どっか(インターネットだったか宣伝文だったか)で「うまいこと言うなあ」と思ったんですけど、プルーストの『失われた時を求めて』はストーリーを知る(読破する)ものではなくて、体験するものだと。
まさに、読破は全然できてないです。
表紙が綺麗な抄訳版(全体で文庫13巻か14巻くらいになるのを文庫3巻にまとめたもの)でも読破は大変なのです。まだできていない。
2015年に記事書いてますけど、進展なし…。
最大の原因は、長いのはいいとして話に起伏がないのです。
終盤近くで、ある重要人物の悲報がある(それも直接見たのではなくて手紙で知らされるだけ)以外は、ずーっと大きな事件は起きず、語り手の思索と情景描写だけです。
この退屈さが読破の挫折要因。
でも読破しようとか思わず、時々この果てしない物語世界に浸ってみようという感じであればたしかにいいかもしれません。

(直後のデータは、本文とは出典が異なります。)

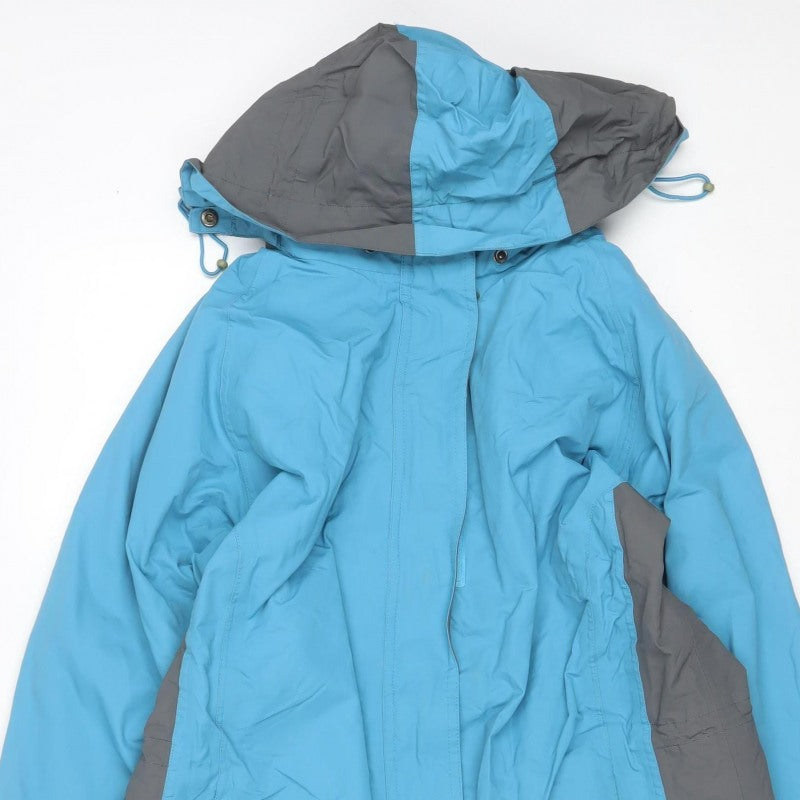 Mountainlife Women’s Blue Grey UK 12 Hooded Waterproof Ski Jacket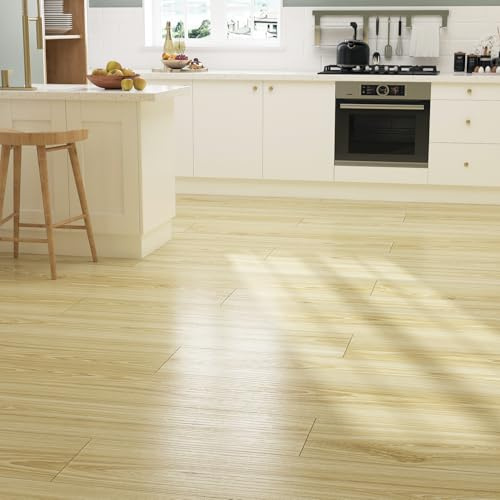 FunStick 90x15CM 35 Pcs Sticky Floor Tiles Bathroom Kitchen Yellow Wood Vinyl Flooring Lino Self Adhesive Floor Tile Kitchen Wood Effect Peel and Stick Vinyl Tile Removable Laminate Flooring Planks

個人的には漫画バージョンもある序章的な位置づけ、「スワン家のほうへ」が良いですね。
前回記事
失われた時を求めて(フランスコミック版) - みちのく砂丘Ⅱ
普通おぼろげなはずの幼少期の記憶をよくここまで絵画的に描けるなあと。
20世紀最大の文学作品に対して今さら何をかいわんやですけど。